A religião criticada por Amós é covarde e superficial, porque marginaliza o que realmente importa e põe no centro o trivial e menos relevante. Confunde retidão com justiça própria e santidade com abstinência; faz dos sacrifícios e rituais o último bastião da espiritualidade, dissociando-a completamente da vida, da misericórdia e da sede por justiça. Afirma uma sede incontrolável por Deus e seus mandamentos, mas é incapaz de reconhecê-lo no próximo, no diferente, no samaritano à beira do caminho.
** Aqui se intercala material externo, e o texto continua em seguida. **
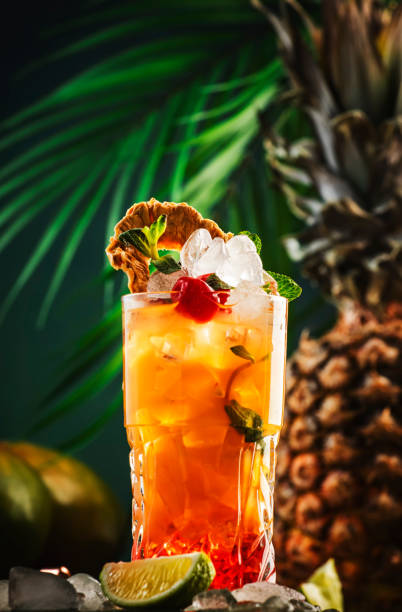 istock Alcoholic cocktail with vodka, pineapple juice, mango, red syrup and ice. Long drink or summer cold mocktail. Tropical dark background with palm leaves and exotic fruits 1372734998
Daí, muitos desses encontros, congressos, convenções e projetos religiosos aos quais se refere o profeta, terem se tornado, para Deus, um negócio insuportável e indigno de atenção. Mais “culto ao ego” que outra coisa. Daí a pergunta: “Quando foi a última vez que vocês cantaram para mim?”. E o que é viver e cantar “para Deus”?
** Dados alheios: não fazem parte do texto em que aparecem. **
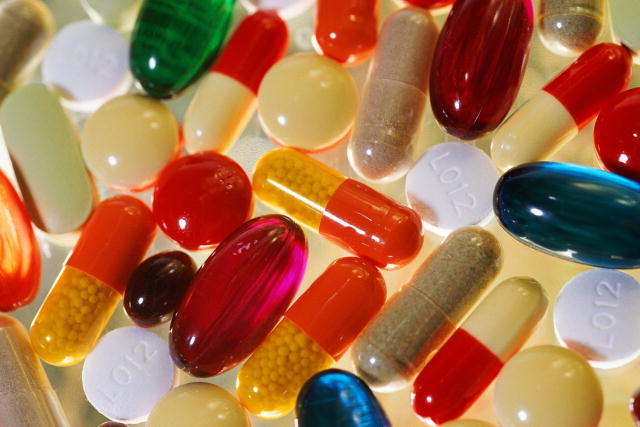 Picture depicts a colorful collection of medications, both capsules and tablets.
É anelar por Deus com todo o nosso ser; é deixar ser movido e tocado pelas coisas que mobilizam o coração de Deus (o que sabemos por meio da Palavra); é desejar ardentemente que sua vontade seja feita tanto aqui na terra, como no céu; é lutar para que a justiça corra como rio que não seca; é buscar viver em integridade e afastar ao máximo do nosso caminho a hipocrisia. Mas, como? E seria isto outra forma de religião? Não sei, talvez, quem sabe. Linguagem, tudo passa por ela.
Não é novidade para ninguém que muitos sistemas religiosos se alimentam da hipocrisia e não subsistem sem ela. Muitas igrejas têm sido – até que provem a si mesmas e ao mundo o contrário – ao invés de centros de misericórdia e compaixão e comunidades de reino, covis de hipocrisia, onde o livre pensar é reprimido (sobretudo em assuntos como sexualidade, por exemplo), e o discordar (mais ainda da liderança e da orientação doutrinária) é tratado como pecado. Exceções à regra (os remanescentes) existem, é claro, mas com a sina de ter que “nadar contra a maré”, caso não (ou até que) se deixem corromper pelo “se não pode vencê-los, junte-se a eles”.
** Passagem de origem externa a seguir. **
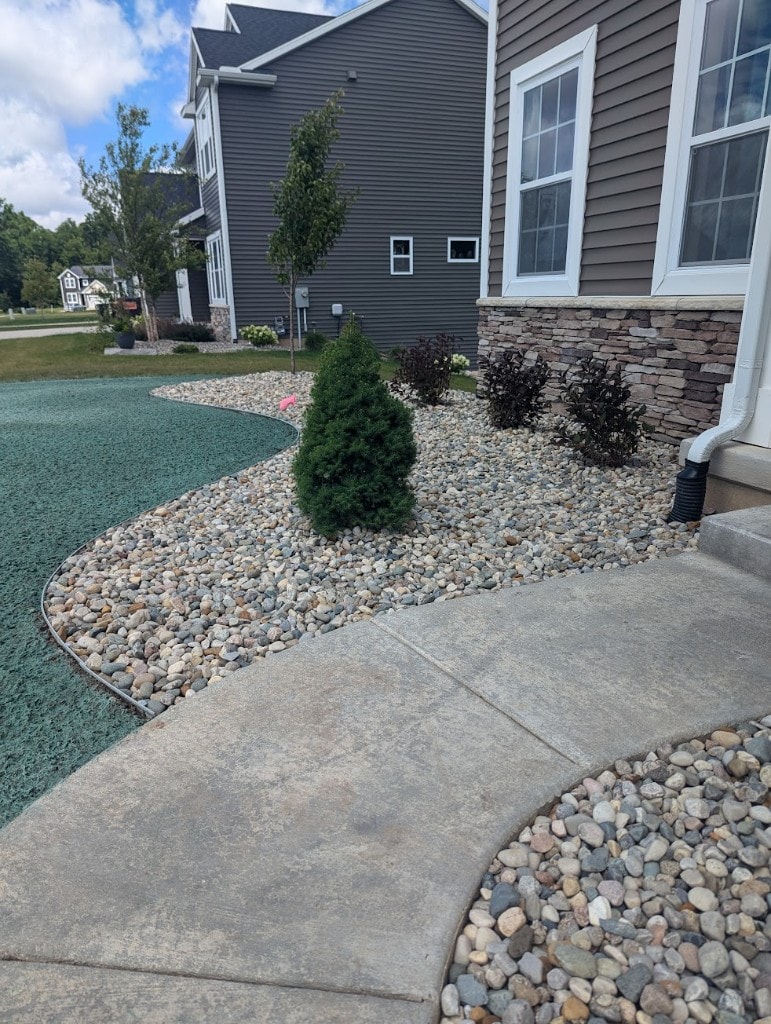 River stone landscape beds with plantings along a modern home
A hipocrisia vai, dessa forma, recebendo outros nomes, e vai sendo ornamentada com vestes outras, mais sofisticadas quem sabe (embora não menos vorazes) e se torna peça indispensável ao bom funcionamento da engrenagem, mascarada pelo discurso de que assim estaremos “no centro da vontade de Deus”. Como corolário disso e de outras tendências já bastante enraizadas, como a privatização da espiritualidade e a religião de consumo, as pessoas vão à igreja apenas para nutrir o lado “lúdico” da fé, que congrega e agrega a massa dos que querem distância do conflito e que relega aos ditos apóstatas, hereges e perdidos o lado trágico (e sombrio) da existência.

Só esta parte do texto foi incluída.